Kat wanted to think the lightning had come—that the storm was closer—but it wasn’t the rumble of thunder. She knew that even before she turned and saw Hale framed in the light of the door.

“Answer me, Kat. Did you see him in Lyon?”

“Yes. For just a second. It was—”

“Why didn’t you tell me?” Hale moved toward her, and she was glad for the dark.

“Everything was happening so fast and…it was just for a second!”

There was an anger in Hale’s eyes, but something more than that. A hurt that went deeper than Kat had ever seen. “You should have told me.”

Nick laughed. “I don’t think she reports to you.”

“You really don’t get it, new guy.” Hale shook his head and stepped away. “She doesn’t report to anyone.”

When Hale turned and started for the opposite side of the deck, Kat was the only one who followed.

“I kissed you!”

Kat hadn’t meant to yell it, but she wasn’t exactly sorry she did.
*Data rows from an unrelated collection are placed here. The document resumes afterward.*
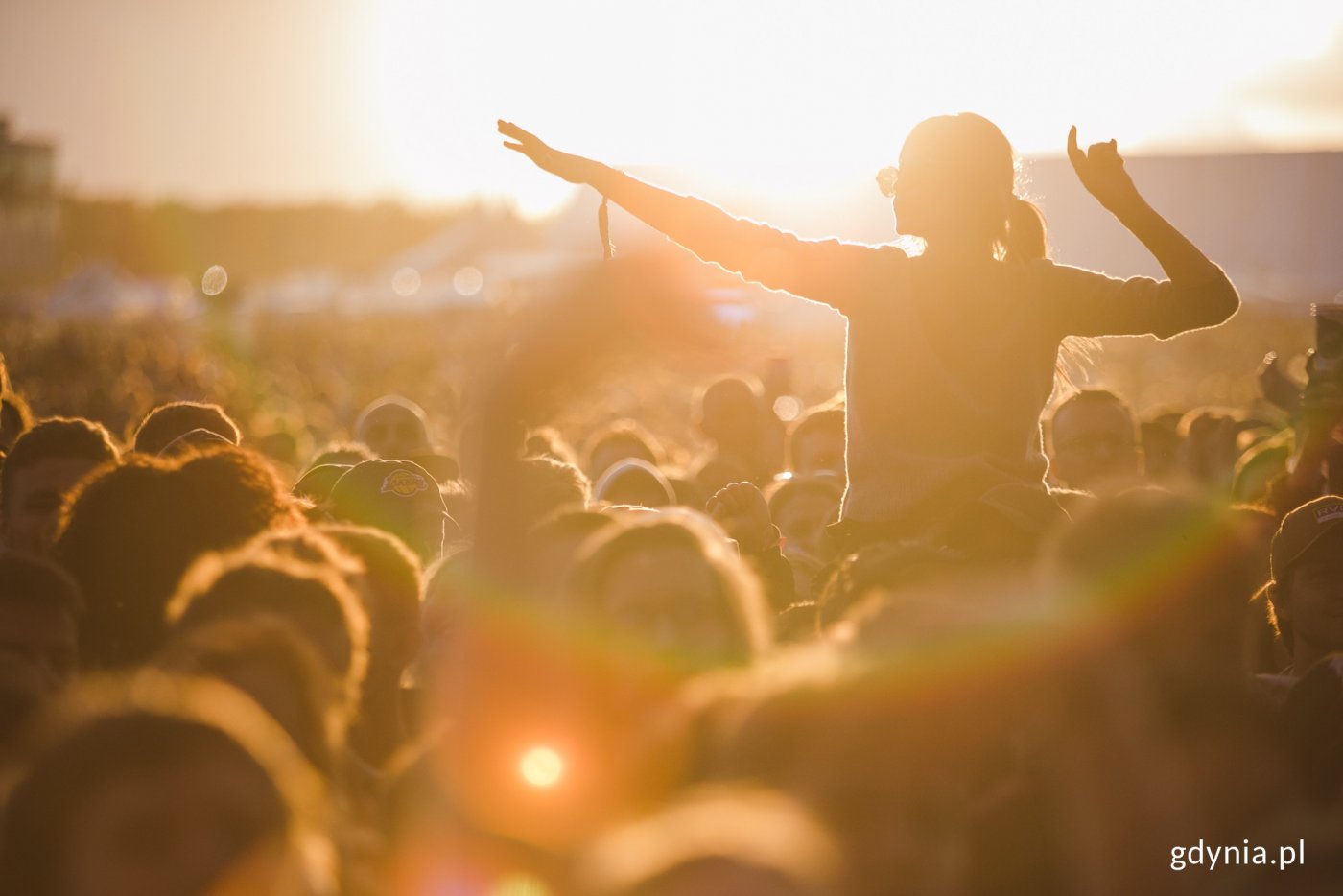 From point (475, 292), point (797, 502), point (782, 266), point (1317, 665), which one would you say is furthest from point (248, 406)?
point (475, 292)

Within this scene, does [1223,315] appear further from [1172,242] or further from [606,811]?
[606,811]

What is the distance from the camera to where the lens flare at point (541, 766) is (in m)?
2.93

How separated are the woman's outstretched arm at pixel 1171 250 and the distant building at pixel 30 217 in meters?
82.0

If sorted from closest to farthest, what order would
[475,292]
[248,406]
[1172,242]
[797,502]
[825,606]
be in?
[825,606] → [1172,242] → [797,502] → [248,406] → [475,292]

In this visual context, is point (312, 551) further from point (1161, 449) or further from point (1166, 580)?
point (1161, 449)

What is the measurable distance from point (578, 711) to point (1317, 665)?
1.91 metres

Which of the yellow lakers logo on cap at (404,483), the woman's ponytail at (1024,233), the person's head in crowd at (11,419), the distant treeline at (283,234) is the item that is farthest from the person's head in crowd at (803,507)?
the distant treeline at (283,234)

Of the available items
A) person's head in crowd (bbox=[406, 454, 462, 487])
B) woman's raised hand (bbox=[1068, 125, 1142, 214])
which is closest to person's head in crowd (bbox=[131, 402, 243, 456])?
person's head in crowd (bbox=[406, 454, 462, 487])

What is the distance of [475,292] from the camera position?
→ 42688 millimetres

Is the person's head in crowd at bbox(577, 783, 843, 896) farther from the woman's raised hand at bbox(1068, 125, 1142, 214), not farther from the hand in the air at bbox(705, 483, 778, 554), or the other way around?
the hand in the air at bbox(705, 483, 778, 554)

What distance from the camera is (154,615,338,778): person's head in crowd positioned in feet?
10.0

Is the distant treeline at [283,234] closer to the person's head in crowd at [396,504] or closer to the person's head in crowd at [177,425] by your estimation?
the person's head in crowd at [177,425]

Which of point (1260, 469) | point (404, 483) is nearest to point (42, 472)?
point (404, 483)

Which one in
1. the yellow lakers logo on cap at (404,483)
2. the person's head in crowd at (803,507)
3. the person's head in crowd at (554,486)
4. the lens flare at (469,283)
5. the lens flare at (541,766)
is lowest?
Answer: the person's head in crowd at (803,507) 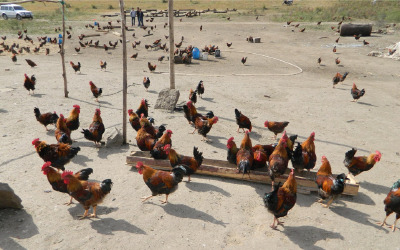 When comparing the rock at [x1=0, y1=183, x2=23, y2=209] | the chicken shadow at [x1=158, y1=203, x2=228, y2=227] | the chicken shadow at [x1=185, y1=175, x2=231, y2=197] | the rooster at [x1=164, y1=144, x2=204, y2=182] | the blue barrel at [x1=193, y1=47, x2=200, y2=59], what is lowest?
the chicken shadow at [x1=158, y1=203, x2=228, y2=227]

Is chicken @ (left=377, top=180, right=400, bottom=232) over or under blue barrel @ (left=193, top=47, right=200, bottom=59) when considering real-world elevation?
under

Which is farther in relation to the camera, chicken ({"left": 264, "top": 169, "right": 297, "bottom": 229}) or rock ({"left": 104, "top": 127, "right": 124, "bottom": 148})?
rock ({"left": 104, "top": 127, "right": 124, "bottom": 148})

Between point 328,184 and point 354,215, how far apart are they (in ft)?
2.75

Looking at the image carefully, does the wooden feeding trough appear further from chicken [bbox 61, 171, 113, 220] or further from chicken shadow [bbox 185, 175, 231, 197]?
chicken [bbox 61, 171, 113, 220]

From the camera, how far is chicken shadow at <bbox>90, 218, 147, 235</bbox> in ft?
16.4

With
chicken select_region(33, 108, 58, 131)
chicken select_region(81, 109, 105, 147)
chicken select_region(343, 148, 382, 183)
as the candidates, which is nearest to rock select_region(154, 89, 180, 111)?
chicken select_region(81, 109, 105, 147)

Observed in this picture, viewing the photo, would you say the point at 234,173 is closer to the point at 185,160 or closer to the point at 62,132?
the point at 185,160

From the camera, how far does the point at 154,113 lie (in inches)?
418

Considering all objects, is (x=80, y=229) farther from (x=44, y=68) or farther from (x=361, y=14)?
(x=361, y=14)

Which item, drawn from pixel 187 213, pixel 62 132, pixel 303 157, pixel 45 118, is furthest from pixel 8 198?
pixel 303 157

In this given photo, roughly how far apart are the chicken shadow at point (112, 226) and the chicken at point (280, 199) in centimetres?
226

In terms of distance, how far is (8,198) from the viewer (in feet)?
16.9

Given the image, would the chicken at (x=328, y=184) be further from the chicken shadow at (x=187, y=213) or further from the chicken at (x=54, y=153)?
the chicken at (x=54, y=153)

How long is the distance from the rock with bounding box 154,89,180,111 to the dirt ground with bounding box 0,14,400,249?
1.43 ft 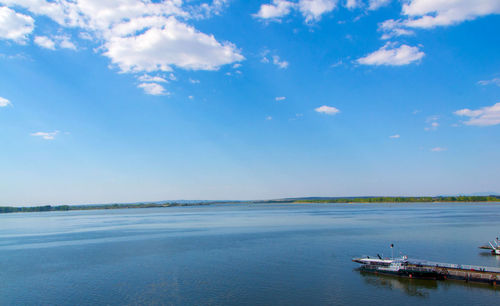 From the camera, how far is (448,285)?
101 ft

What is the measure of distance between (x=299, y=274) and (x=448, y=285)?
14.2 meters

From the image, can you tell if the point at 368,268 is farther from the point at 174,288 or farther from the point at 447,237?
the point at 447,237

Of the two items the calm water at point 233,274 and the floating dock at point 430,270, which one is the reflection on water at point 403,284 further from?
the floating dock at point 430,270

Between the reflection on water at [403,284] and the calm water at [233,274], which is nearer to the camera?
the calm water at [233,274]

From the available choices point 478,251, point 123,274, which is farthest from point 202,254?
point 478,251

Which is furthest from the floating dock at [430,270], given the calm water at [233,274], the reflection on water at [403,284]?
the calm water at [233,274]

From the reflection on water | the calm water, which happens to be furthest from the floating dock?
the calm water

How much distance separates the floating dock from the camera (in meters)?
30.6

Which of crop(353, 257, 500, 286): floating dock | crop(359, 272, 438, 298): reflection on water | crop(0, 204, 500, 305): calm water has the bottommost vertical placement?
crop(359, 272, 438, 298): reflection on water

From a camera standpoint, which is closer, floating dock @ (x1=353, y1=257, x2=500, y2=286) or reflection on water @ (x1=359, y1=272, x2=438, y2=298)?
reflection on water @ (x1=359, y1=272, x2=438, y2=298)

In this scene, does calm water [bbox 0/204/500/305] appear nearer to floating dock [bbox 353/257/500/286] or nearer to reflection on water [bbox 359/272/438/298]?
reflection on water [bbox 359/272/438/298]

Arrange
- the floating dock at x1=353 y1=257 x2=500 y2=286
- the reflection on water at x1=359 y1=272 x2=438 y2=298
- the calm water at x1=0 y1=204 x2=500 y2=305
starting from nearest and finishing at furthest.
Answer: the calm water at x1=0 y1=204 x2=500 y2=305 < the reflection on water at x1=359 y1=272 x2=438 y2=298 < the floating dock at x1=353 y1=257 x2=500 y2=286

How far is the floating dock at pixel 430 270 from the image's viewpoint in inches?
1205

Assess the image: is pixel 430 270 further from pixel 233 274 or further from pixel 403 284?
pixel 233 274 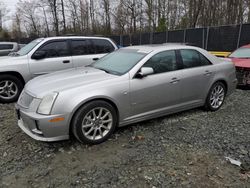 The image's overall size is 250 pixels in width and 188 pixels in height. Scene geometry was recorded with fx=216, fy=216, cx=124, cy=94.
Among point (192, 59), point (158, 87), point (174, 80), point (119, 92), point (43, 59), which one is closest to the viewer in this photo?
point (119, 92)

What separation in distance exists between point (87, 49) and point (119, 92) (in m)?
3.57

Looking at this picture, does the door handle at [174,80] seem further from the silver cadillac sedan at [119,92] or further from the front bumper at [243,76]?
the front bumper at [243,76]

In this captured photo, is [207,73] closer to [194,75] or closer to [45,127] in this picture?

The words had been there, throbbing like a pulse for weeks. She felt lighter without them—one more thing she didn’t have to carry.

“In New York—in the limo—I kissed you.”

Hale stopped. “I remember.”

“I kissed you, and you left. So either I am not someone you want to be kissing…”

“No.” He shook his head slowly. “That’s not it.”

“Or I am a really bad kisser.” Kat couldn’t stop herself from going through the reasons—through the options—like it was just another con and she could master it if only her mind would stop spinning.

“Kat—” He reached for her, but her reflexes were too strong.

She pulled away and looked at him. “I kissed you and you left.”

When Kat heard the pounding, she thought it was the beating of her heart. It was too loud, she thought. Hale was going to hear it; he was going to see it; and he was going to know how much power he had to hurt her.

“Hale,” she started, but the noise was louder then, echoing from inside. “Hale, I—”

“They’re coming.” Simon held to the door frame and virtually swung himself out onto the deck. “Kelly!” His breath came in short ragged spurts. “I was listening to LaFont’s calls tonight. He talked to New York—to Kelly.” He took a deep breath. “And now the Cleopatra…it’s coming to the ball!”


There are many things a halfway decent thief must be able to do. The picking of locks is essential. The ability to stay cool in any situation is a must. But sometimes, the most important thing a thief can do…is watch. And wait.